### Materials provided:
§

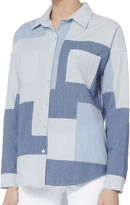 Thumbnail for your product : NSF Patchwork Shirt
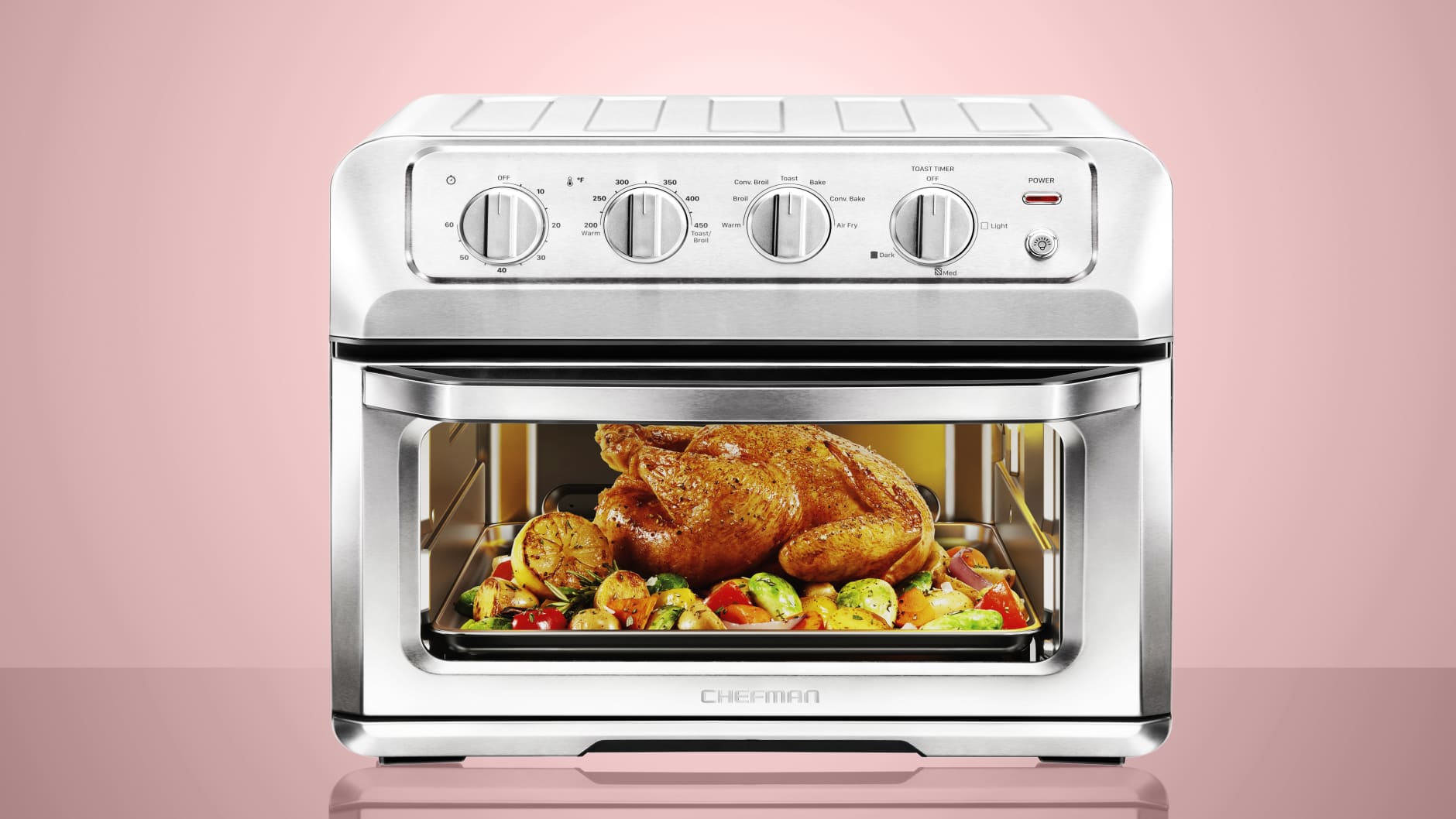 Chefman Air Fryer Toaster Oven Review This Appliance Deserves a Spot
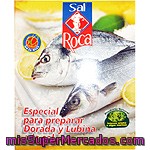 Roca Sal Especial Para Preparar Dorada Y Lubina Paquete 1,5 Kg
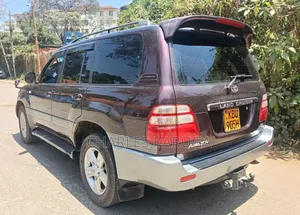 Toyota Land Cruiser 2006 Maroon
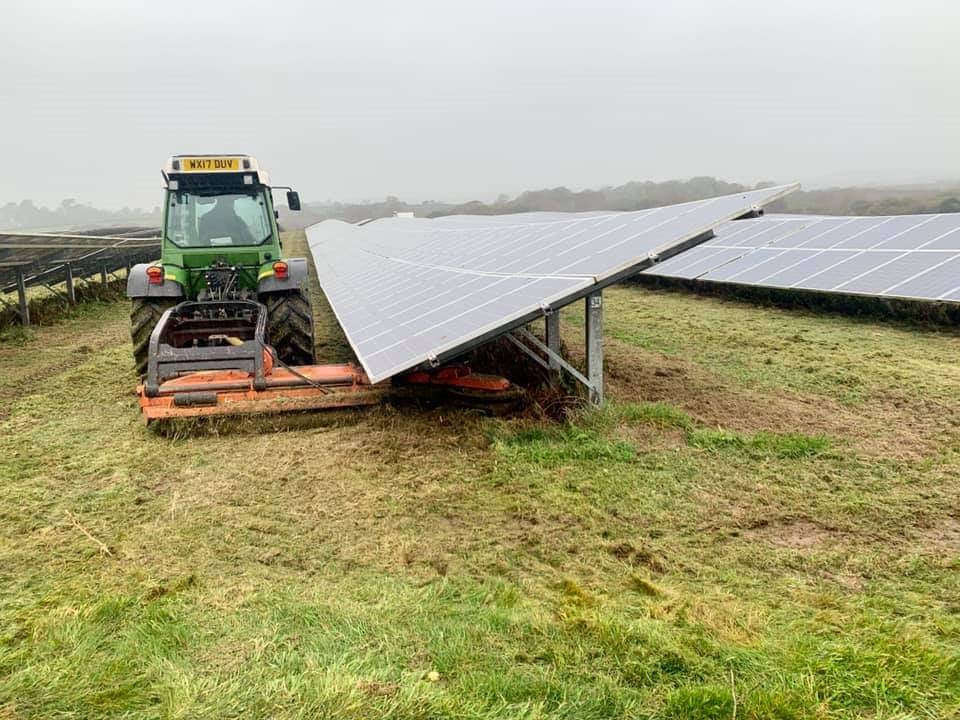 SUNSWING, Dé maaier voor zonneparken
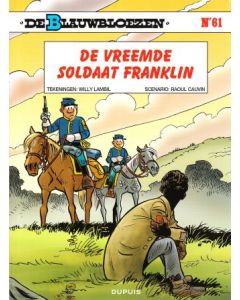 BLAUWBLOEZEN: 61: VREEMDE SOLDAAT FRANKLIN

§

### Directions for this task:
Your output must consist only of the lines from the line with "Toyota Land Cruiser 2006 Maroon" through the final line of the data, both included, reproduced exactly and free of pictures.

### Answer space:
 Toyota Land Cruiser 2006 Maroon
 SUNSWING, Dé maaier voor zonneparken
 BLAUWBLOEZEN: 61: VREEMDE SOLDAAT FRANKLIN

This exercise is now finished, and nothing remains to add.